ERWERBS-OBSTBAU, vol.64, no.3, pp.377-386, 2022 (SCI-Expanded) identifier identifier

  • Publication Type: Article / Article
  • Volume: 64 Issue: 3
  • Publication Date: 2022
  • Doi Number: 10.1007/s10341-022-00660-3
  • Journal Name: ERWERBS-OBSTBAU
  • Journal Indexes: Science Citation Index Expanded (SCI-EXPANDED), Scopus, Agricultural & Environmental Science Database, CAB Abstracts, Environment Index, Food Science & Technology Abstracts
  • Page Numbers: pp.377-386
  • Keywords: Currant, Berry characteristics, Fuzzy clustering, Hierarchical cluster analysis, Factor analysis, FACTOR-ANALYSIS SCORES, MORUS-NIGRA L.

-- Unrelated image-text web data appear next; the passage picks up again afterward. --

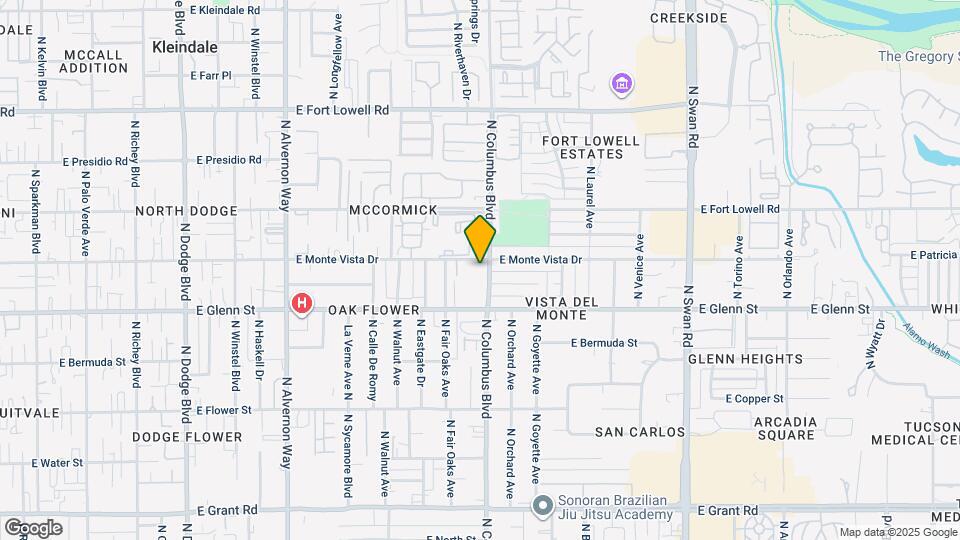 2861 N Columbus Blvd, Unit 52 Map and Location Details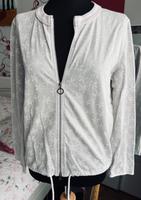 Hochwertige Jacke von Marc Cain gr.38/M n3 grau/ weiß Niedersachsen - Steinfeld Vorschau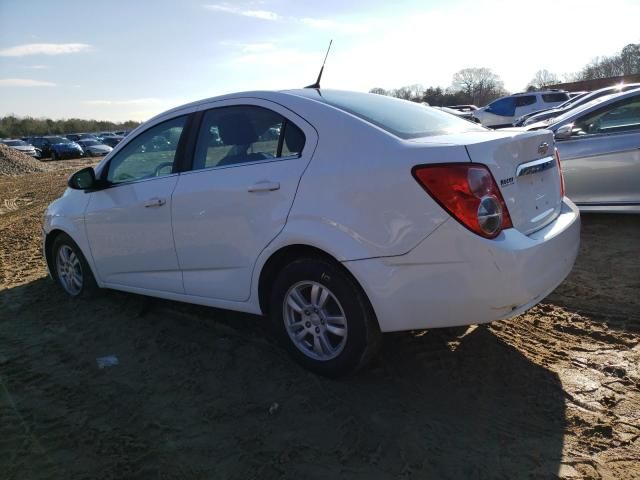 2013 Chevrolet Sonic LT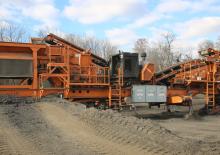 Urządzenia do recyklingu gruzu budowlanego Eagle Crusher 1000-15 CC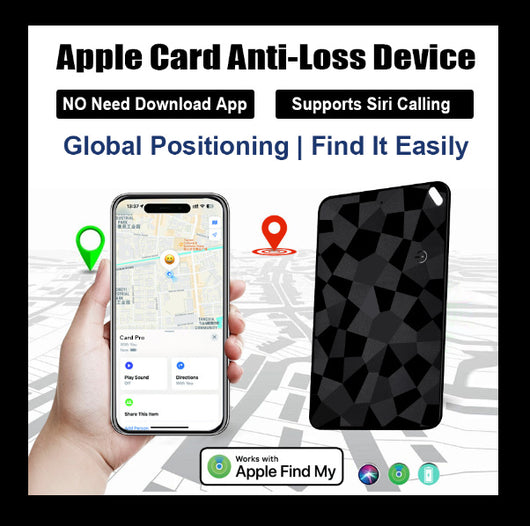 Ultra-Thin Find My Tracker Card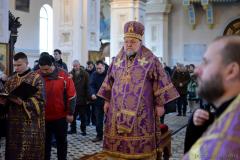 В Неделю Торжества Православия архиепископ Артемий возглавил литургию в Покровском соборе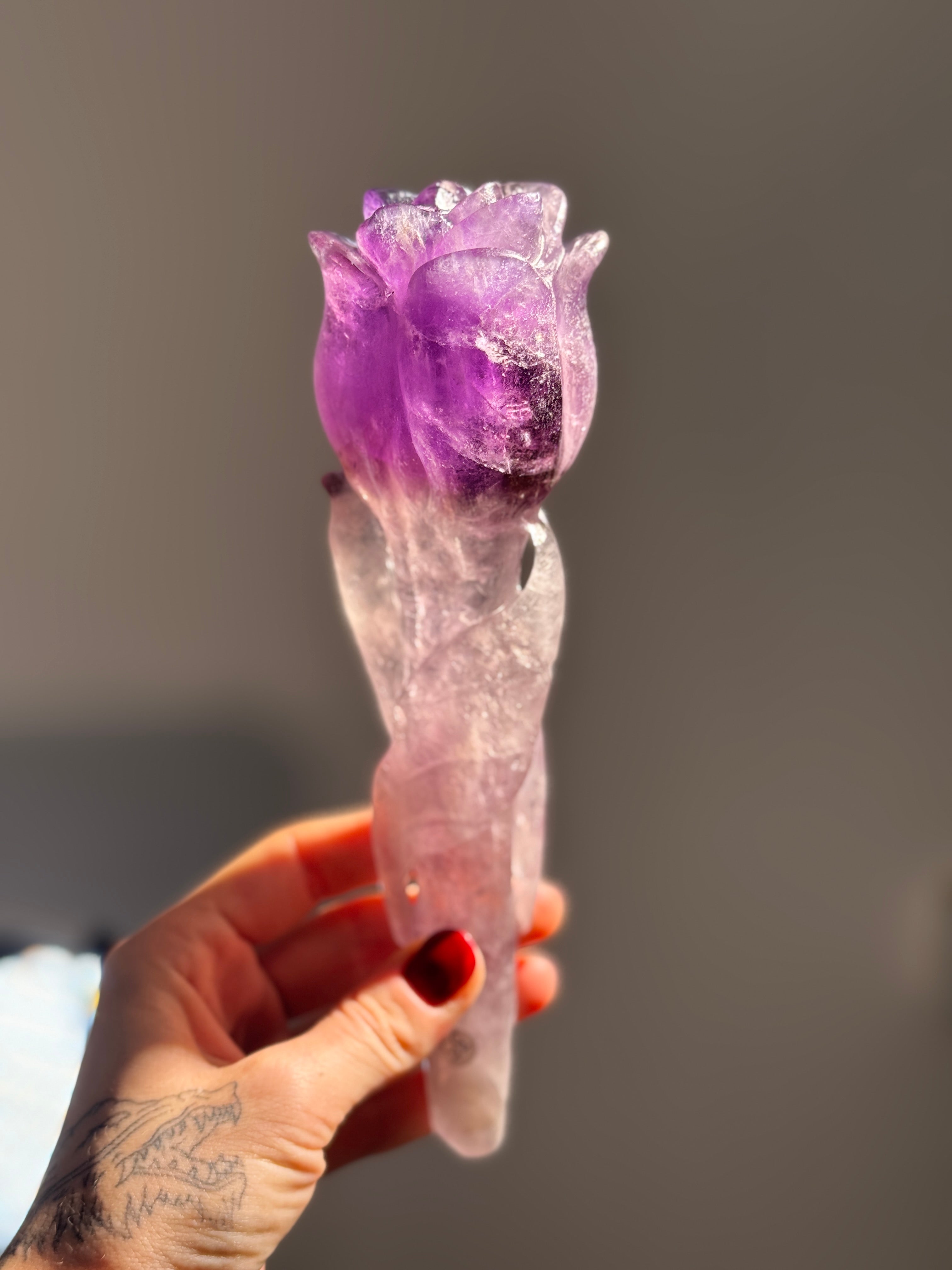 Amethyst Rose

  • Van Yüzüncü Yıl University Affiliated: Yes


This research was performed to define genetic diversity of wild red currant accessions native to Eastern Anatolia region of Turkey by revealing associations between physicochemical berry characteristics through various statistical methods including Explanatory factor analysis, hierarchical cluster analysis (single linkage-Euclidian distance) and fuzzy clustering (Manhattan distance). The factor analysis explained 89% of the data variability on the tested berry features by four factors. The first factor was called berry color and showed positive loadings on A (0.947), B (0.925) and negative loading on L (- 0.909). The second factor was named organoleptic which had positive loadings on aroma (0.993) and taste (0.993). The third factor was called pomology and pH and demonstrated positive loadings on fruit weight (0.903) and fruit length (0.824), but negative loading on pH (- 0.583). The fourth factor was named soluble solid content and exhibited positive loading of 0.928. The hierarchical cluster analyses resulted with seven clusters showing 83.89 (%), 83.33 (%), 80.71 (%), 88.21 (%), 91.28 (%), 95.12 (%) and 90.37 (%) similarity for the first, second, third, fourth, fifth, sixth and seventh clusters, respectively. The largest values of average silhouette and Dunn's partition coefficient, as well as the smallest value of the normalized partition coefficient of fuzzy clustering analysis resulted in five clusters. Furthermore, a hybrid approach combining fuzzy clustering and decision tree algorithms was established to better characterize the phenotypical profile of red currants. We can conclude that the statistical methods utilized in this research could be a useful tool in revealing phenotypic similarities and differences among red currant accessions, and the knowledge on berry feature associations could be helpful in plant breeding programs.